- _What to do_: Leaving the pictures aside, write out the whole listing below exactly.

(Beginning of Data provided)

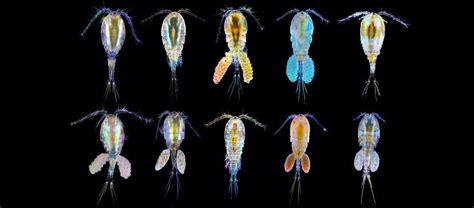 The Copious Copepods Critter Science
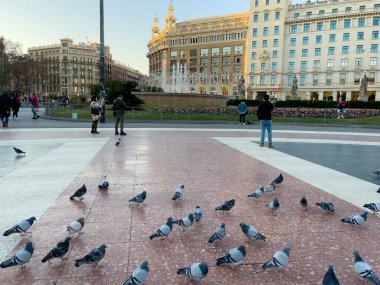 Katalonya meydanını ziyaret eden turistler Barselona 'da güvercinlerle dolular.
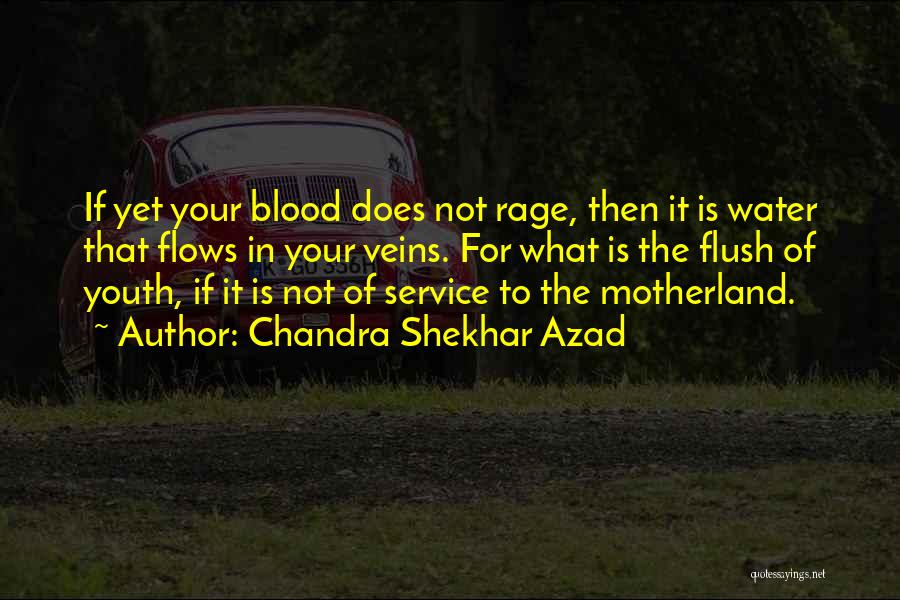 Chandra Shekhar Azad Quotes: If Yet Your Blood Does Not Rage, Then It Is Water That Flows In Your Veins. For What Is The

(End of Data provided)

- _Solution_:
 The Copious Copepods Critter Science
 Katalonya meydanını ziyaret eden turistler Barselona 'da güvercinlerle dolular.
 Chandra Shekhar Azad Quotes: If Yet Your Blood Does Not Rage, Then It Is Water That Flows In Your Veins. For What Is The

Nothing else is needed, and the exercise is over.